Hike #6: Newquay to Holywell
This walk is fraught with the unexpected. One involves checking tide times, something we non-coastal people don't think about at all in our daily lives, but that turns out to be pretty darn important when you have to cross a river that doesn't have a bridge close by. Another is making sure that the ferry that will carry you across said river is actually in operation, and didn't just close for the season a week earlier.
We start our walk cutting across the harbor. Way long ago, the Newquay harbor was the site of an Iron Age fort, which is so cool. Since then it’s been used for importing coal, exporting the tin and copper mined around Cornwall, and pilchard fishing and salting. Pilchard fishing was at one time the town’s lifeblood, although the tiny fish have long since disappeared.
On the other side of the harbor we climb these cool stone steps.
This little building was used as a Huer's Hut when pilchard fishing reigned supreme in Newquay. Think of the term "hue and cry" and you'll know exactly what a Huer is. From his perch at the top, he would watch for shoals of pilchards making their way across the water, then make a ruckus to alert the locals to get their boots and boats.

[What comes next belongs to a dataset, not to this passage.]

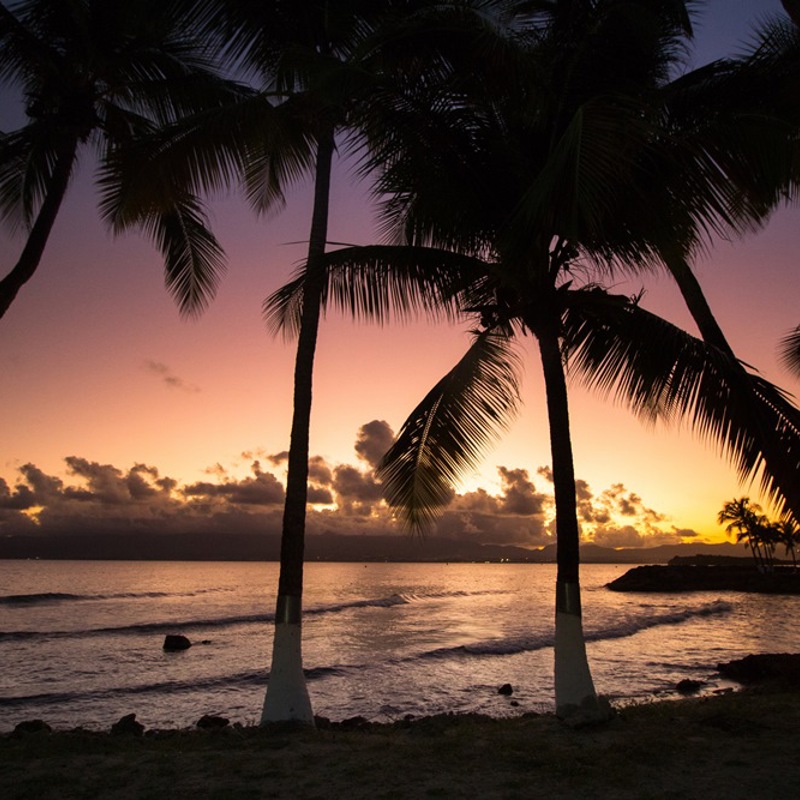 Bas du Fort, Le Gosier, solnedgang ved stranden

Supposedly, there are still tunnels that run under the town, left from the days when rail cars transported the catch from harbor to market.
Are next goal is that fascinating building way out at the edge of the cliff.

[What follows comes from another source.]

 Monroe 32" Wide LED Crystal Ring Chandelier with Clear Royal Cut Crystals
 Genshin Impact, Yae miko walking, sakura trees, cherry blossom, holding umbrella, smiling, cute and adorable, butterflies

I took many photos of the inside of the Headline Hotel, but this staircase pic epitomizes the feel of the place. Read more about the Headland Hotel—and even make reservations— here.
There are some juicy news reports about construction of the Headland Hotel. The local fishermen fought the construction, saying that it was being built on common land that had been used for generations by fishermen to dry out their nets. Local workmen refused to work on the project, some knocking down walls, burning scaffolding, and tossing the foreman's hut off the cliff and into the sea. They were pretty pissed.

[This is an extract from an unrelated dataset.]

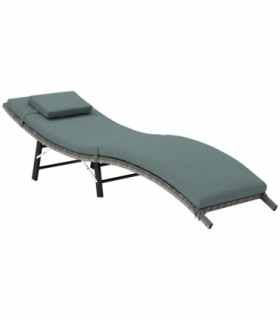 Outsunny Folding Rattan Sun Lounger with Cushion and Pillow, Mixed Grey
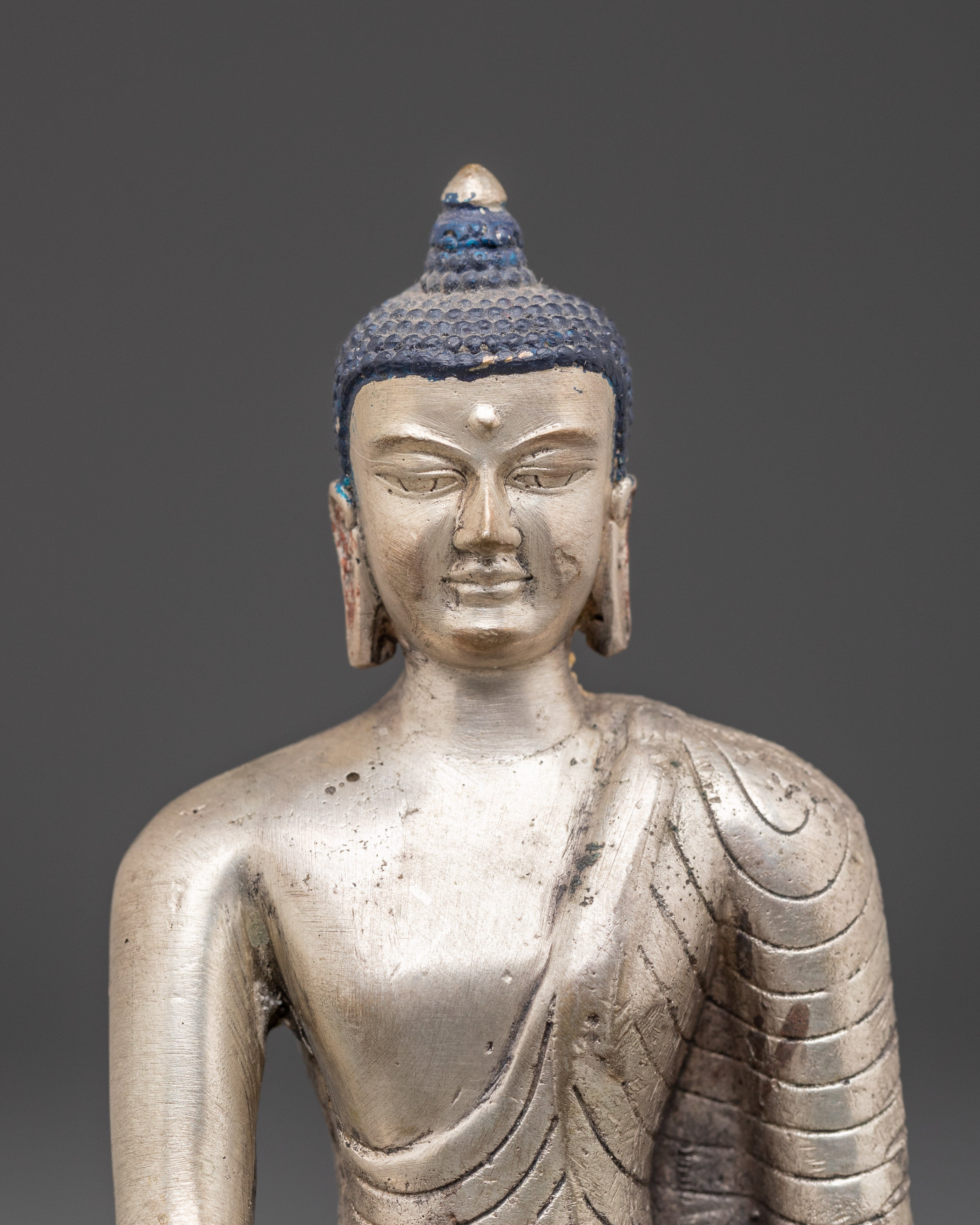 Handmade Himalayan Shakyamuni Buddha Statue | Silver Plated Copper Meditation Art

Work ground to a halt due to lack of workers—until the owners did what owners have always done when the locals strike: they brought in non-locals desperate for work. When the 200 unemployed miners arrived—eager to feed their families—the foremen set up traction engines armed with hoses, then proceeded to spray steam on the irate locals. They too were pissed.
This is the Gannel River, the one for which we never considered checking tide schedules, being the happy-go-lucky-we'll-find-a-way people we are. Plus, we know there's a ferry and we know where that ferry is: just down the steps behind a ittle cafe.
The steps pass the cafe, then lead all the way to the river.
But the cafe is closed and a forbidding sign says absolutely no access, steps closed, go away and walk the two miles around This Means You or something like that. I didn't take the time to take a picture because we quickly stepped over the sign and hightailed it down the steps.
Only to reach a locked bloody gate. Bob tries to pick it.
We can see the steps by leaning out over the fence. Maybe we can go around the gate. The steps are right there. So close. We debate climbing over when a neighbor appears.
The neighbor advises against going over the gate. Says it's treacherous. Says the ferry just closed last week. and that the Gannel is dangerous to cross on foot even at low tide because of sinkholes and...something else. I forget what. Then he says that if we promise not to sue him if we get hurt, he'll let us down his back path. He then points out the safest places to cross.
We head down.
And kindly close his gate.
Bob gets there first to check it out. Not that we have an iota of choice: if we don't cross here we'll have to walk miles to the closest bridge.
Lots of water. Hmmm.
It looks pretty harmless.
But every step, even where there is no water, sinks down, down, down. When the people on the other side stop to watch us, we feel a bit leery but go on, holding phones and boots and backpacks up out of danger. Once we make it across, one of the men says, "I was sure I'd have to come rescue you, I was."
The other side, where we climb to safety.
And dry our tootsies.
And find the Bowgie Inn, which the man told us about.
As we round the corner, this young man is proposing to this young woman so we offer to take their picture for posterity's sake. Young love. Sigh.
You just assume, when you see something like this up ahead, that you'll be able to scamper down this side, cross the beach, then clamor up the other side. But not here.
And not here for sure.
Instead we have to walk around. The path does that sometimes. No sense complaining, just get on with it.
This is the view from the other side. The reason we're stopping is that I have just slipped off the path into a rut and onto a bramble patch—which is pointy and sharp—and twisted my ankle. Bummer. Luckily this trip I had taken my sister's advice and worn high-top hiking boots, which act almost as well as a cast.
Maybe, possibly, could that be Holywell up ahead? Please let it be.
The South West Coast Path takes you through all kinds of terrain. This is our first time walking through sand dunes as part of the path.
It's like a rabbit warren, ant tunnel, prairie town.
With super cool plant life.
Finally, the path off the trail and into the village.
Where we down a couple whiskeys then catch a bus back to Newquay.
Back at the hotel, we down more drink: Me a Pimm's and Bob a stout or ale or lager—some kind of beer.
On the way back, we pick up ibuprofen for my ankle, and which I down--throwing all caution to the wind--with my alcohol.